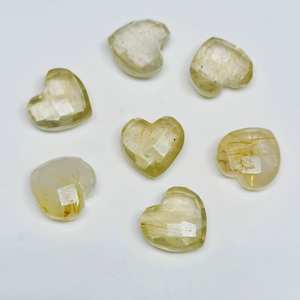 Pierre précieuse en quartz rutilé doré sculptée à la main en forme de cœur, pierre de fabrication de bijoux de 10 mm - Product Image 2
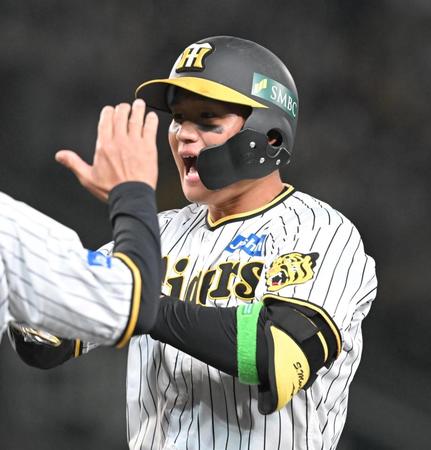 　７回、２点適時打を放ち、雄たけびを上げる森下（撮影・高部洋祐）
* * *
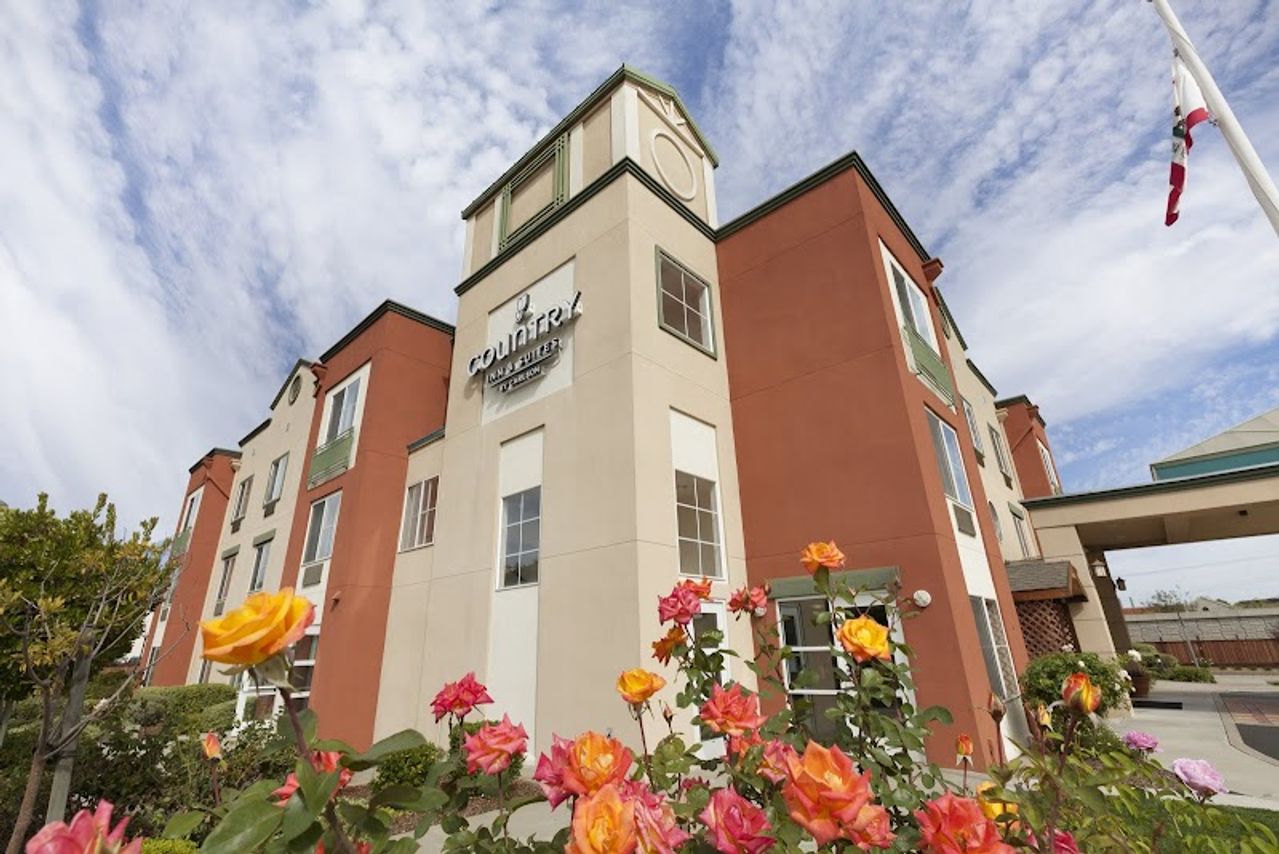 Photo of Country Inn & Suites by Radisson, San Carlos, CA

Task objective: An exact copy of the lines above from the one with "Pierre précieuse en" up to and including the one with "７回、２点適時打を放ち、雄たけびを上げる森下（撮影・高部洋祐）" is required; reproduce only those lines, omitting all pictures.

Solution to the exercise:
 Pierre précieuse en quartz rutilé doré sculptée à la main en forme de cœur, pierre de fabrication de bijoux de 10 mm - Product Image 2
 　７回、２点適時打を放ち、雄たけびを上げる森下（撮影・高部洋祐）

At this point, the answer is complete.